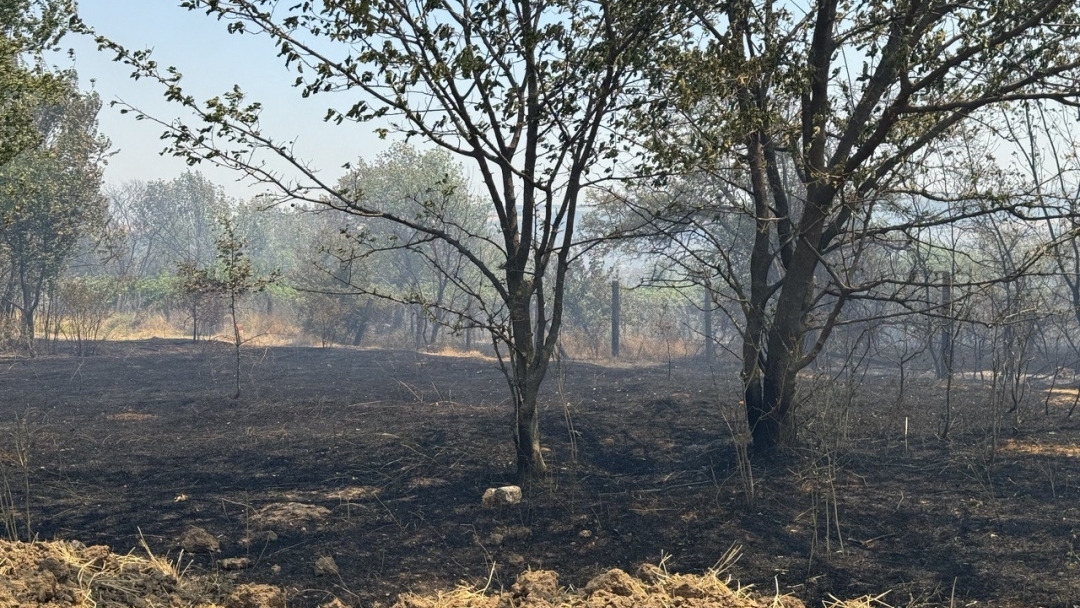 Критичната ситуация с пожара в с. Николово е овладяна, продължава гасенето в отделни участъци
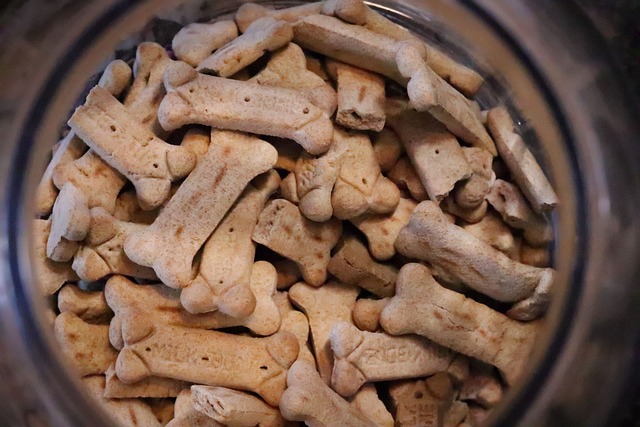 Homemade Dog Treats: Recipes and Tips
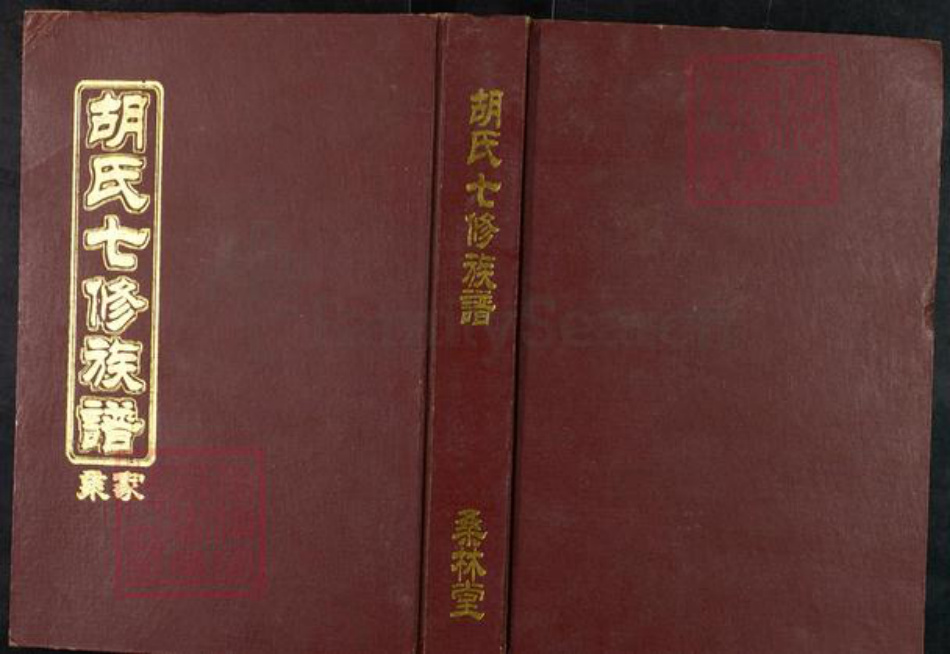 湖南省湘潭市湘乡市虞塘镇胡氏桑林堂族谱-桑林胡氏七修族谱.pdf电子版插图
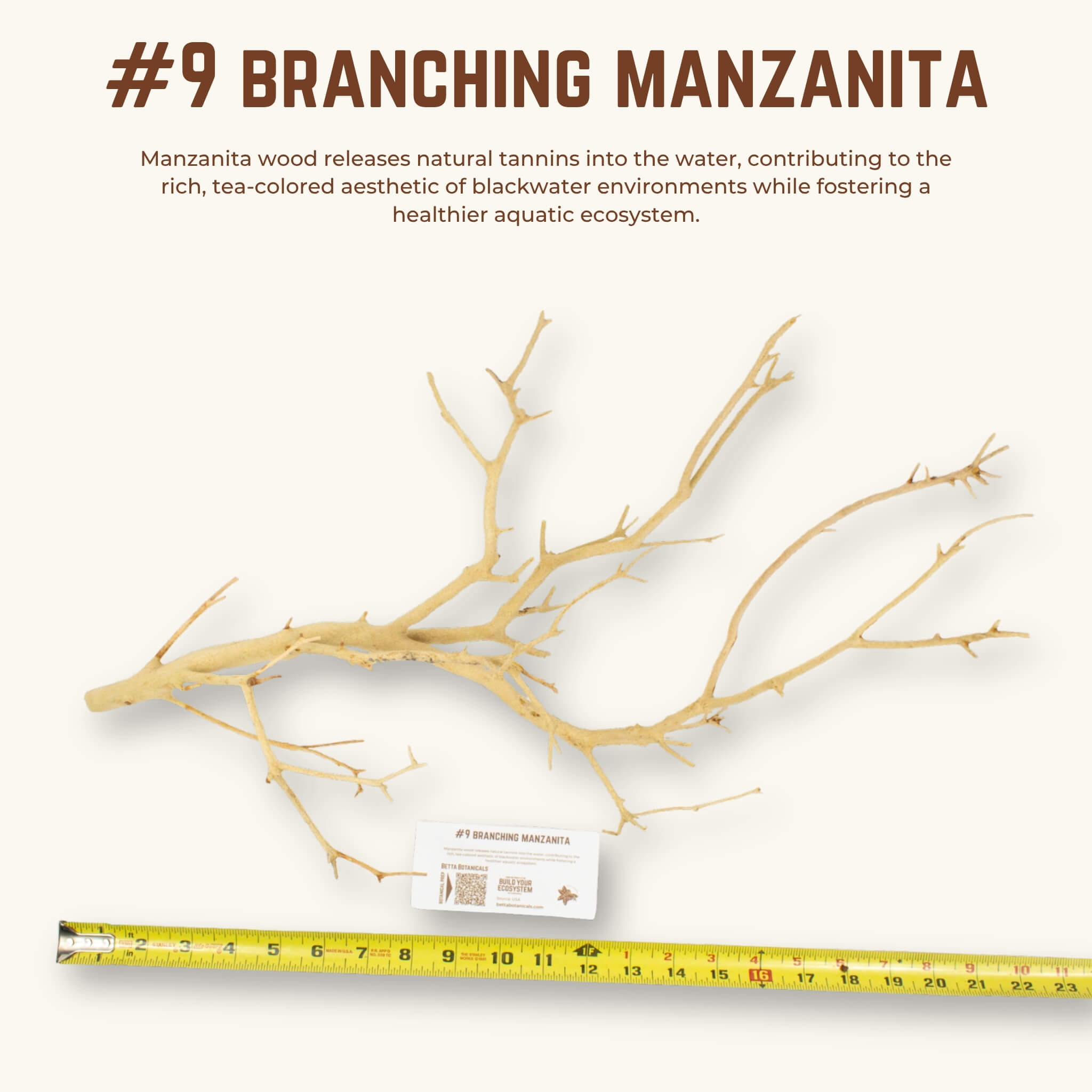 Branching Manzanita | WYSIWYG Pieces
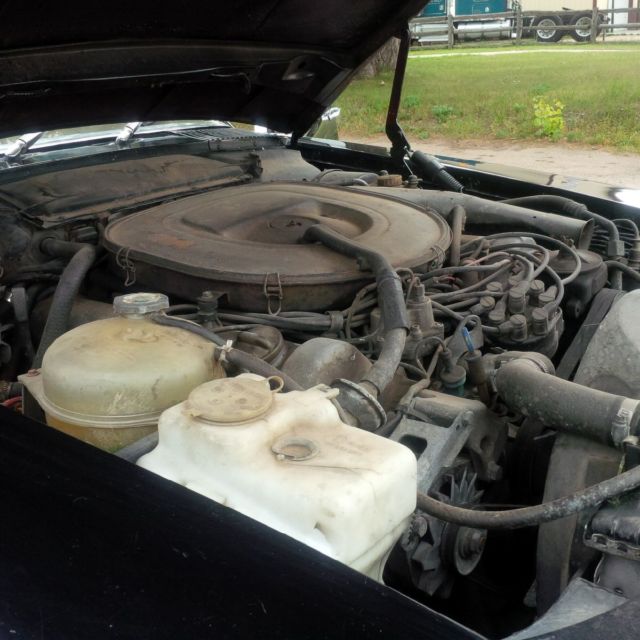 1979 Mercedes-Benz SL-Class 450 - photo 4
○ ○ ○ ○ ○
The lines from the one that contains "Homemade Dog Treats: Recipes and Tips" through the end of the data, repeated exactly and with no pictures, make up the whole answer.

 Homemade Dog Treats: Recipes and Tips
 湖南省湘潭市湘乡市虞塘镇胡氏桑林堂族谱-桑林胡氏七修族谱.pdf电子版插图
 Branching Manzanita | WYSIWYG Pieces
 1979 Mercedes-Benz SL-Class 450 - photo 4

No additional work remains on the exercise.